The effort to expand Maine’s estate tax, more aptly known as the “death tax,” was dealt a blow this week, but the issue is likely to be a perennial focus of progressives throughout Governor Mills’ tenure as they seek to raise taxes on the wealthiest Mainers.
The estate tax, which is collected when property changes hands after the owner’s death, currently kicks in at $5.7 million in Maine. Under Governor LePage, lawmakers repeatedly raised the exemption threshold, imposing the tax on a smaller, richer slice of the population.
Democratic lawmakers, backed by the Maine Center for Economic Policy, are eager to roll back the reforms of the LePage era. So let’s review why the estate tax is fundamentally misguided.
The estate tax penalizes thrift. Take two people who each make $500,000 per year over their careers. The first adopts an opulent lifestyle complete with sports cars, lavish trips abroad, and villas in three different countries. The other lives modestly and accrues a $20 million fortune for their children and grandchildren. When both workers die, the one who exercised frugality will wind up paying more in estate taxes. The estate tax inherently punishes careful financial management and encourages the dissipation of wealth.

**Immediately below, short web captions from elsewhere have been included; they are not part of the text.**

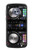 S3931 DJ ミキサー グラフィック ペイント DJ Mixer Graphic Paint Motorola Moto X4 バックケース、フリップケース・カバー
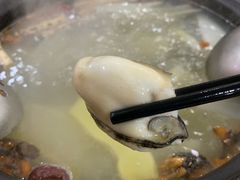 生蚝-濠轩阁特色生蚝火锅(水湾路店)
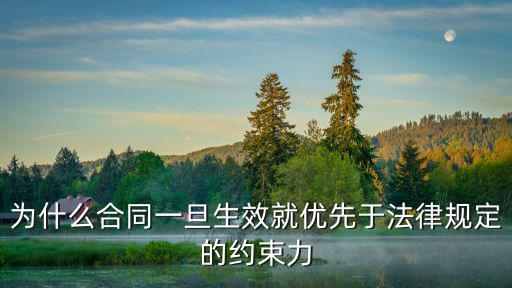 為什么合同獨立的法律身份，合同履行不影響公司業(yè)務的獨立性是什么意思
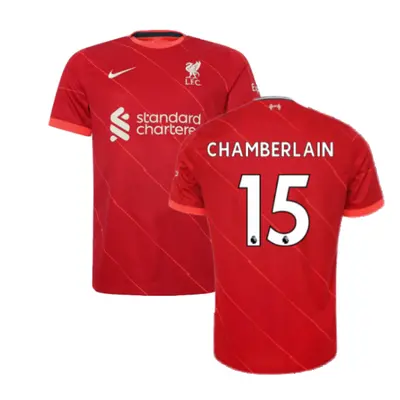 (M) Liverpool Home Shirt (CHAMBERLAIN 15)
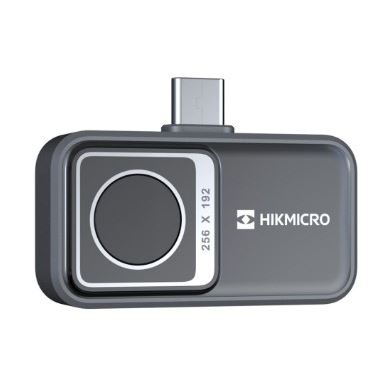 Hikmicro Mini2 V2 IR camera 256x192 pixels, iOS en Android, 25Hz, -20°C tot 400°C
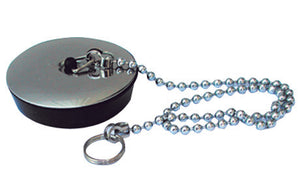 TAPPO IN GOMMA PER LAVELLO MISURA GRANDE- Diam. 52 mm.- DH- pezzi 1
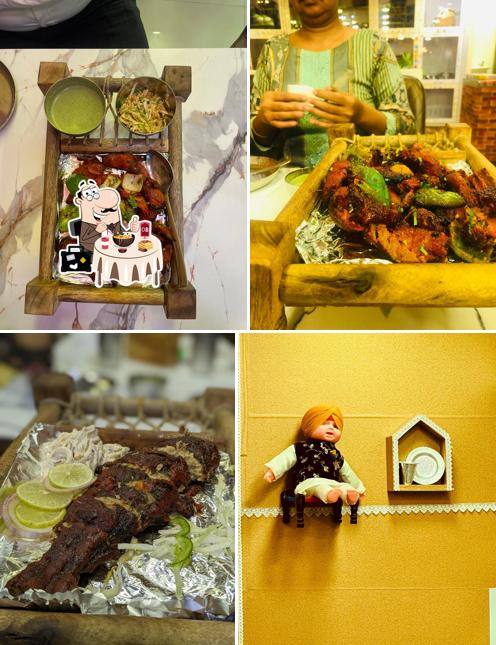 Food at Tandoori Hut RPD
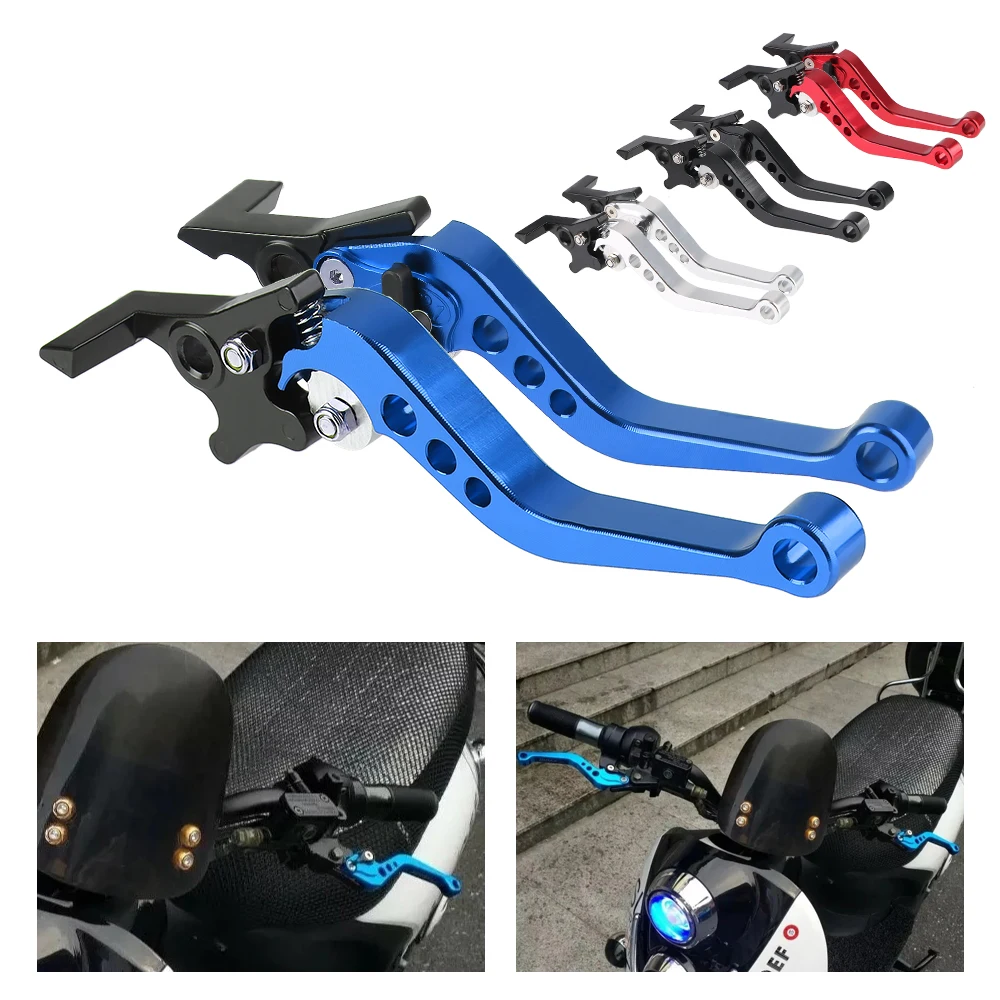 Bike Adjustable Grip Modification Accessories Handle Drum Lever Front And Rear Disc Brakes Motorcycle Clutch Brake Universal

These incentives bleed into the rest of the economy. By discouraging saving, the estate tax reduces resources that could have been used to expand business operations or hire new workers. Instead, that money is spent by people who prefer to use their money now than invest it knowing the government will take a hefty slice down the road.
The negative economic effects of the estate tax on family-owned businesses — especially farms — are even direct. Even though the business’ assets on paper push the value of the estate above the tax threshold, that doesn’t mean the family has the resources on hand to pay the estate tax. Nearly all of a family-owned business’s revenues are commonly reinvested in new workers or equipment, leaving little cash left over. To pay the estate tax, the business may need to let employees go, downsize operations, or even shut down.

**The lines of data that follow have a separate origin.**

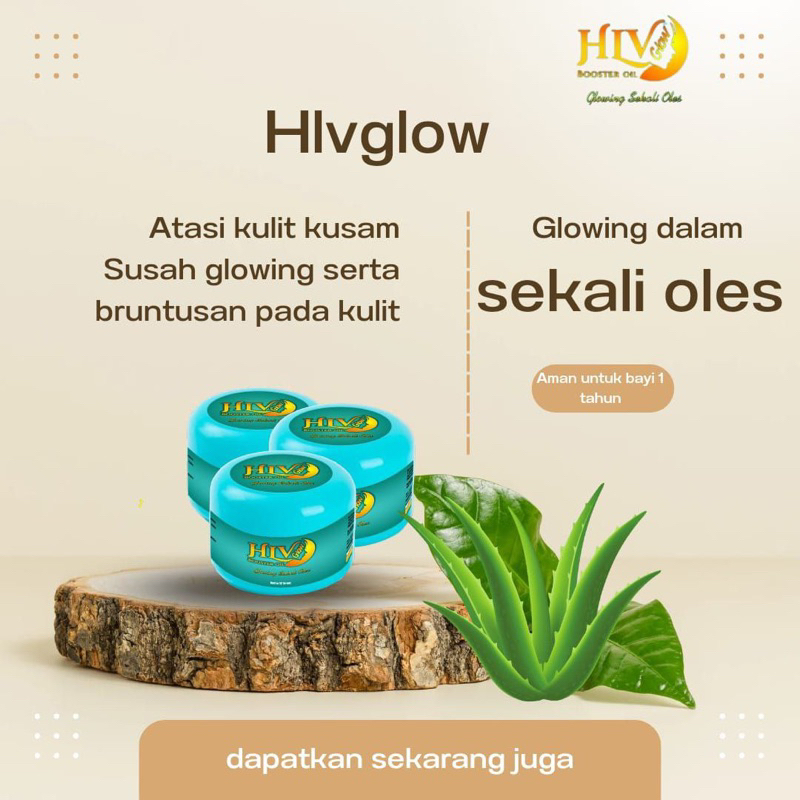 HLV GLOW BOOSTER OIL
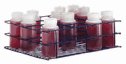 Representative photo only Sample bottle carrying rack
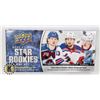 Image 1 : 2020-21 UD NHL STAR ROOKIES BOX SET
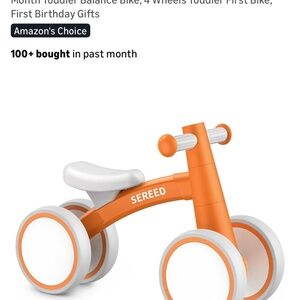 new! sereed balance bike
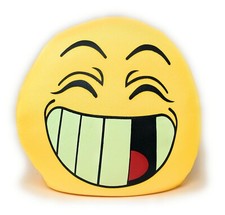 Squishy Microbead Happy Face Crazy Love Emoji Smiley Face Almohada Regalo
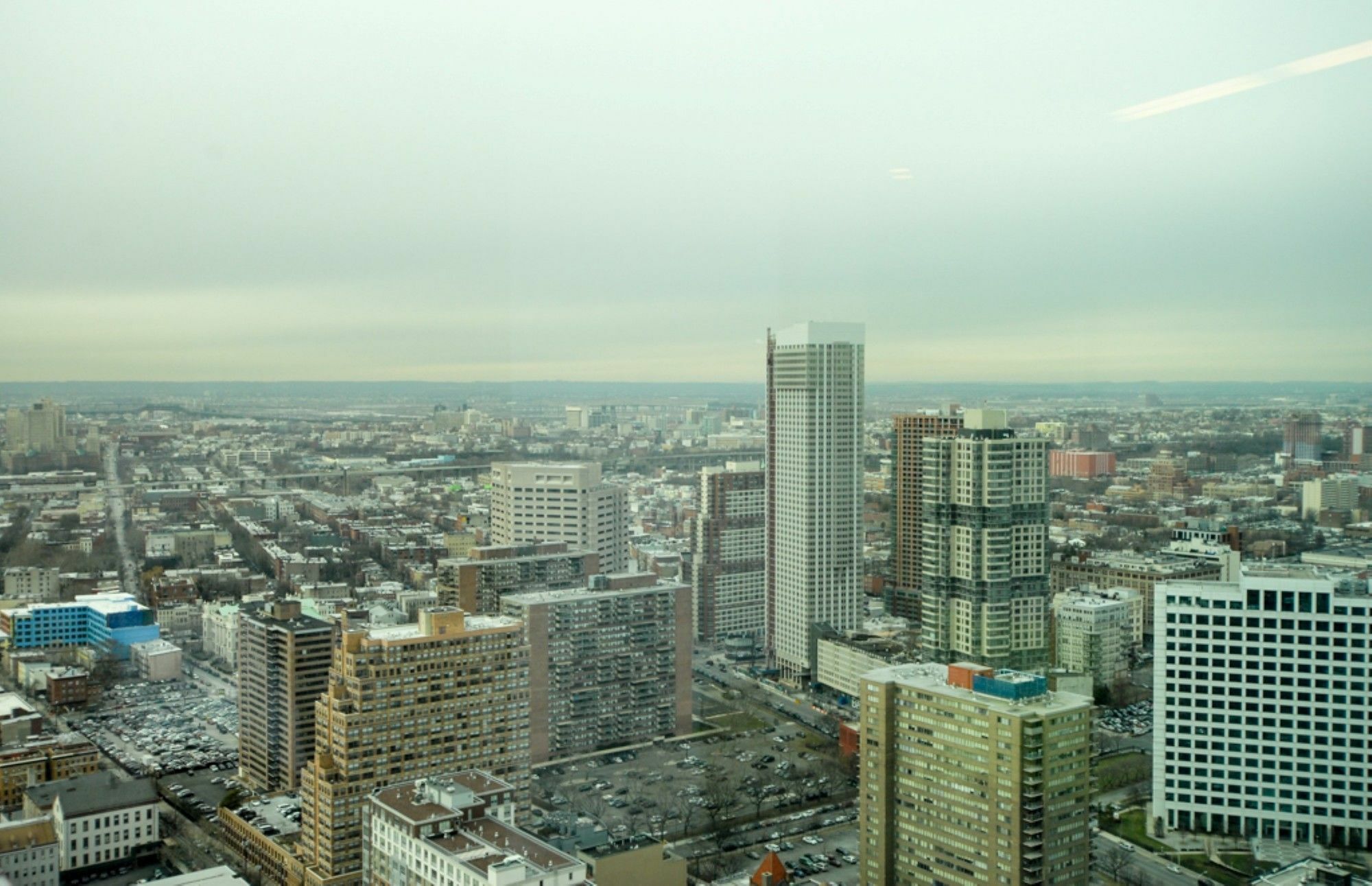 Global Luxury Suites At Greene Jersey City Exterior photo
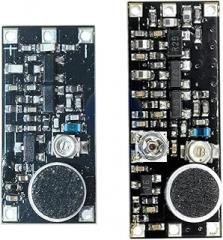 88 - 115Mhz 80 - 110Mhz Microphone FiM Signal Sende Transmlttier Surveillance Frequency Board Wirieless Module For Adjustable Capacitor New 2026 High For Reliable Electronic Component, Precision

The estate tax is also problematic from the standpoint of basic fairness, since it is typically imposed on assets that have already been taxed in a different way. A person who pays sales taxes on a valuable art collection or payroll and income taxes on saved wages may still have to pay the estate tax on these assets. Opening the door to double taxation is a dangerous precedent.
The estate tax also creates a great deal of inefficiency in the tax code. Avoiding the estate tax through accounting contortions and strategic residency changes has become a cottage industry. Some experts even estimate that the federal estate tax’s compliance costs are so onerous on the economy that its repeal would lead to a net increase in tax revenue by spurring more private-sector investment.

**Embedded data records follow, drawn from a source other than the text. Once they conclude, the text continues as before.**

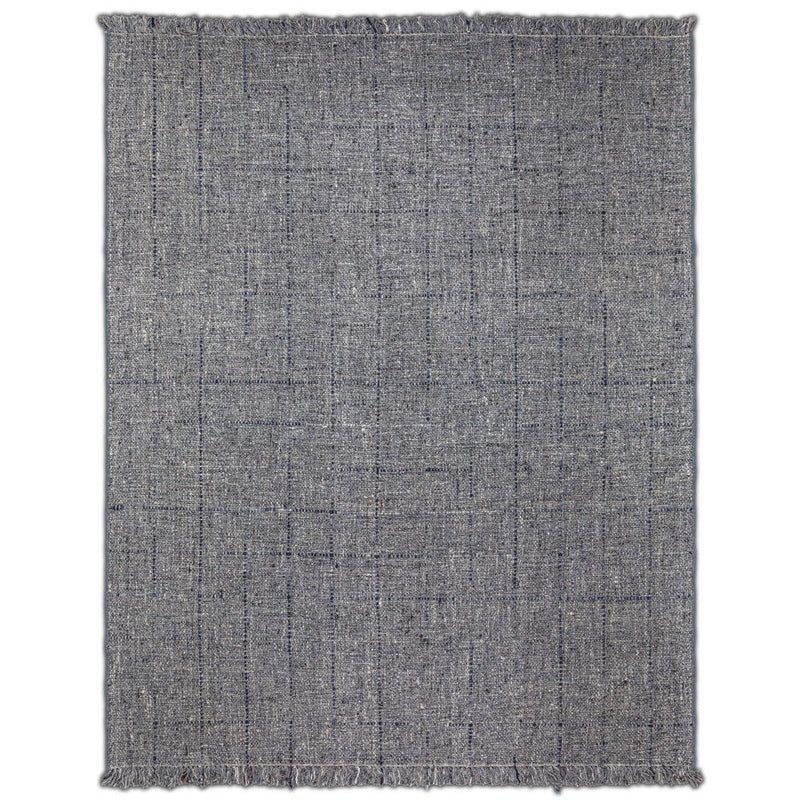 Tenney - 8' X 10' Area Rug - Gray / Blue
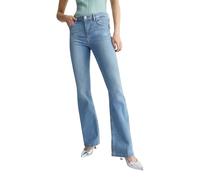 Liu Jo Jeans Liu Jo da Donna con vestibilità Flare, Chiusura con Patta, Colore Blu Denim Modello: UXX043 D4538 78398 Blu D.Blue stb Ten.Sun w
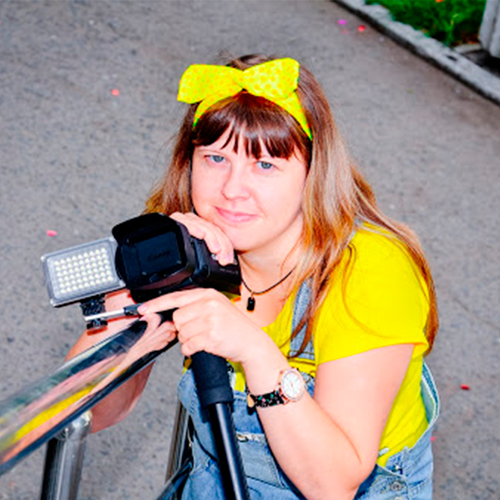 Видеограф Ольга Касьянова 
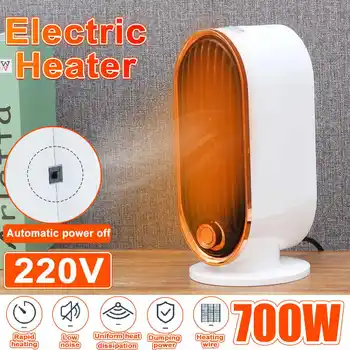 

Electric Heaters Fan Desktop Mini Home Office Handy Fast Power Save Heater Portable Smart Warmer For Winter PTC Ceramic Heating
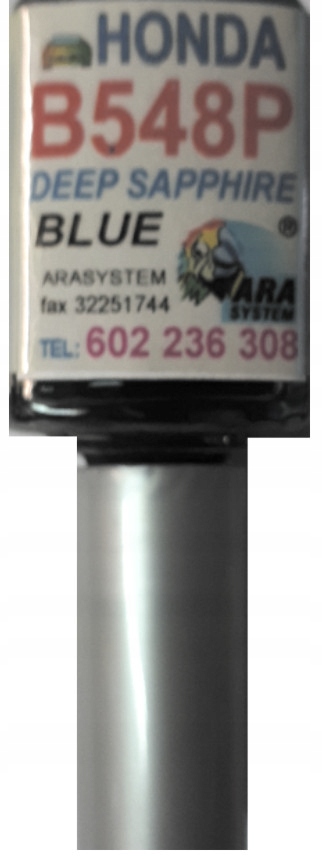 HONDA B548P DEEP SAPPHIRE BLUE LAKIER ZAPRAWKA ARA
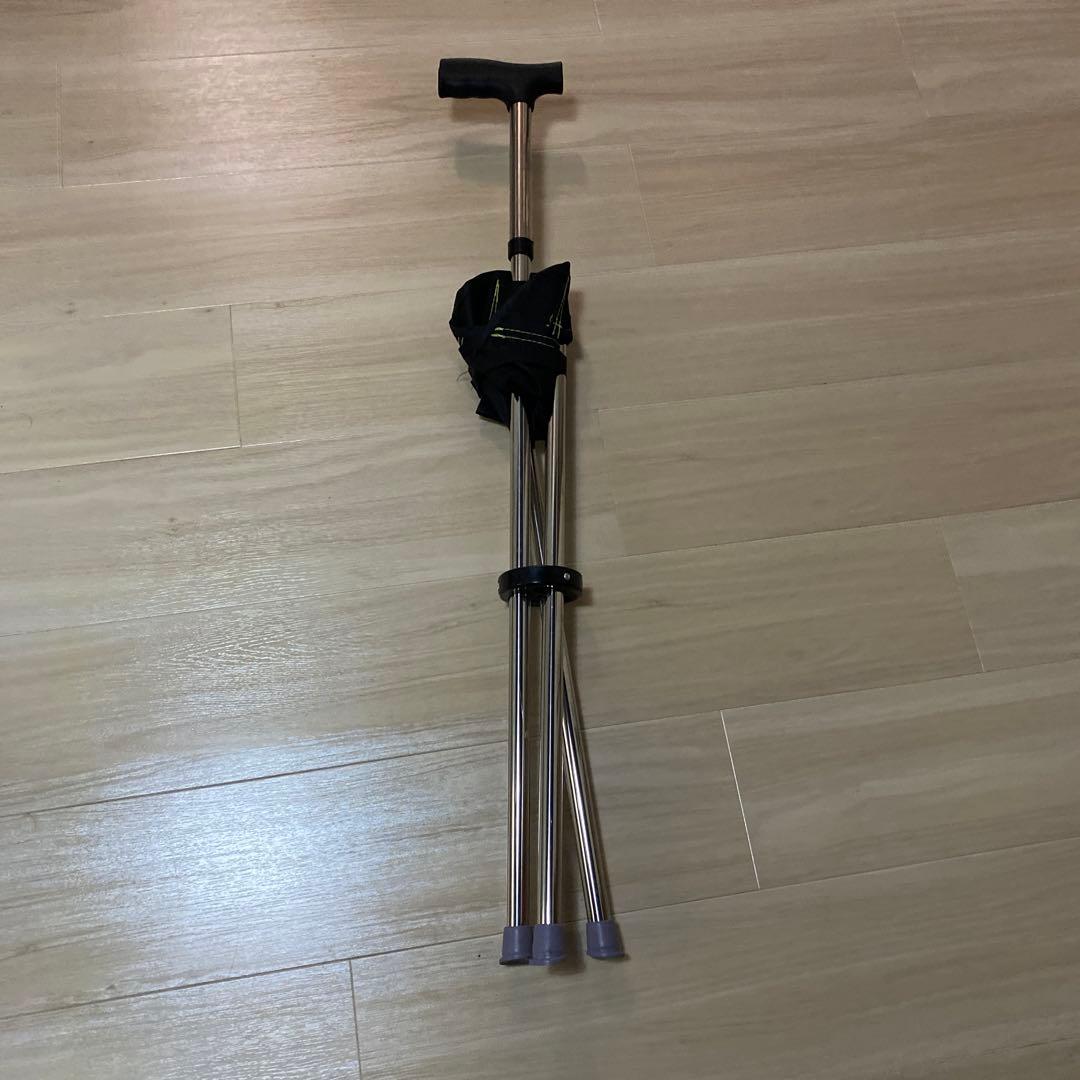 折りたたみ式 アウトドアチェア 黒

Financial advisers openly warn that expanding Maine’s estate tax could trigger a hemorrhage of wealthy taxpayers to the 35 other states (including New Hampshire and Florida) without estate taxes. Even left-leaning states like Delaware and New Jersey have recently repealed their estate taxes, and New York is raising the exemption to mitigate its effects.
Retaining wealth and attracting seasoned professionals are some of Maine’s biggest challenges. They’ll only grow more difficult if the estate tax is expanded.